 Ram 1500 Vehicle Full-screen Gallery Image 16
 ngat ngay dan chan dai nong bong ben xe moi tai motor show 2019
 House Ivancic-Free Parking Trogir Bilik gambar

...

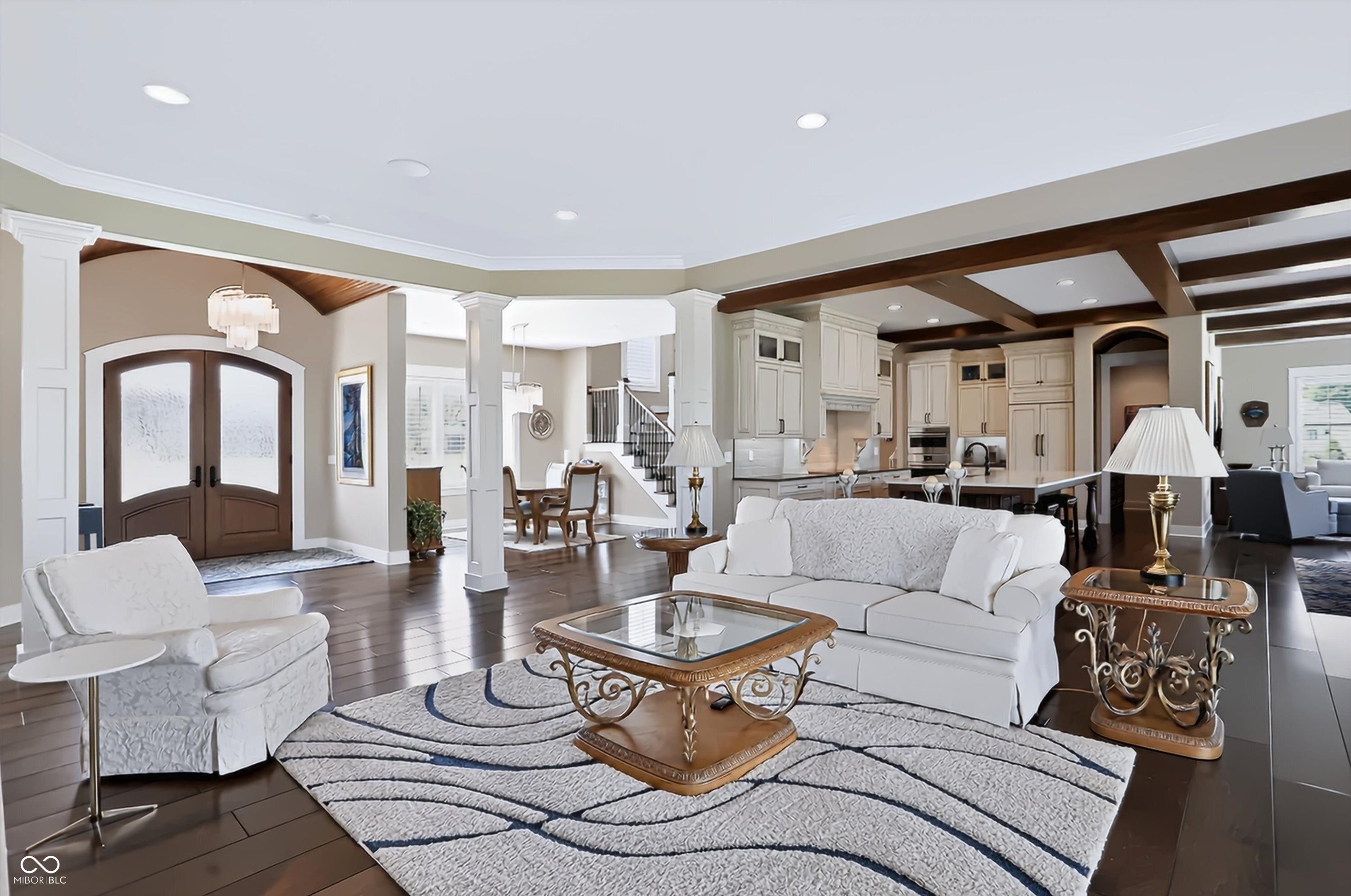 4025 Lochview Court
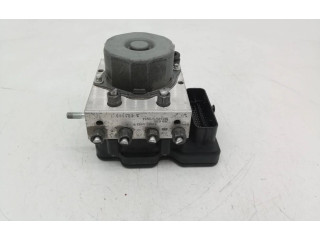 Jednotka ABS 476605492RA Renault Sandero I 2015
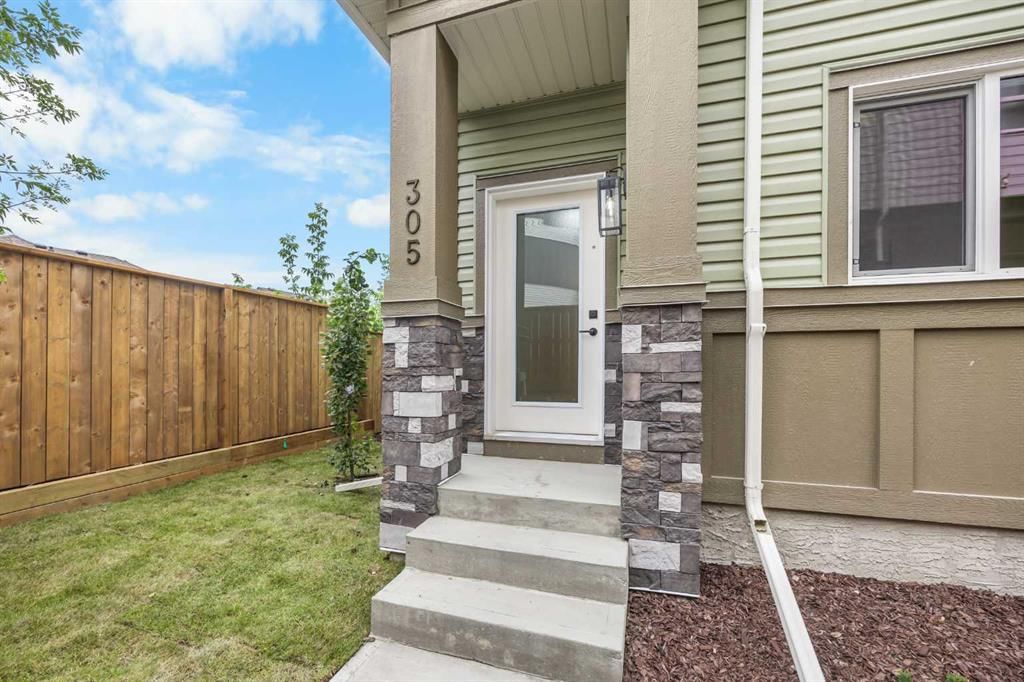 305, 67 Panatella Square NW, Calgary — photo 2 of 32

---

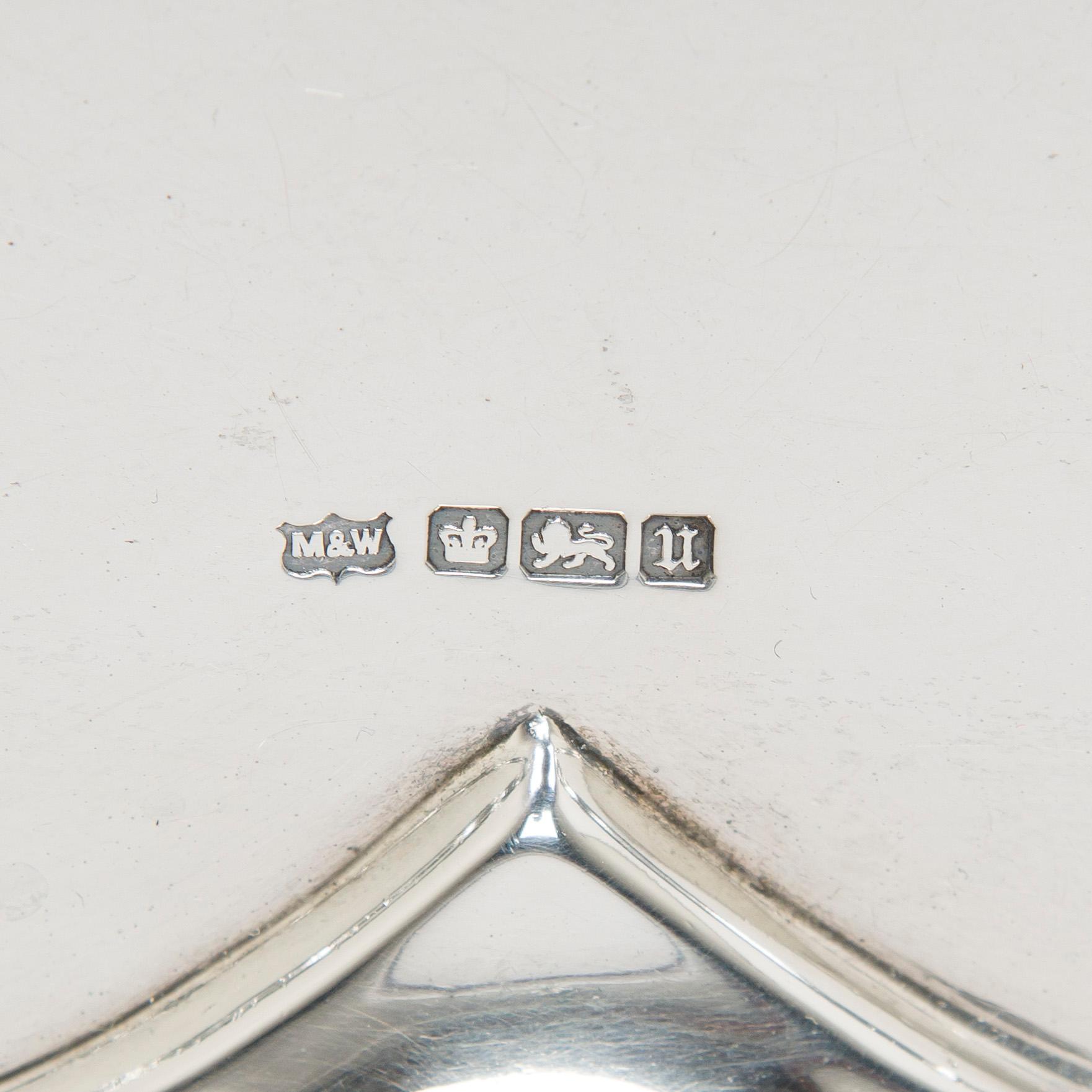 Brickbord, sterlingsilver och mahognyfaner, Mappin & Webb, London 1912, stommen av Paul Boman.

THE TASK: Reproducing the whole listing above is not the task. Copy exactly only the lines from the one with "ngat ngay dan" to the one with "House Ivancic-Free Parking", both kept.

RESPONSE BOX:
 ngat ngay dan chan dai nong bong ben xe moi tai motor show 2019
 House Ivancic-Free Parking Trogir Bilik gambar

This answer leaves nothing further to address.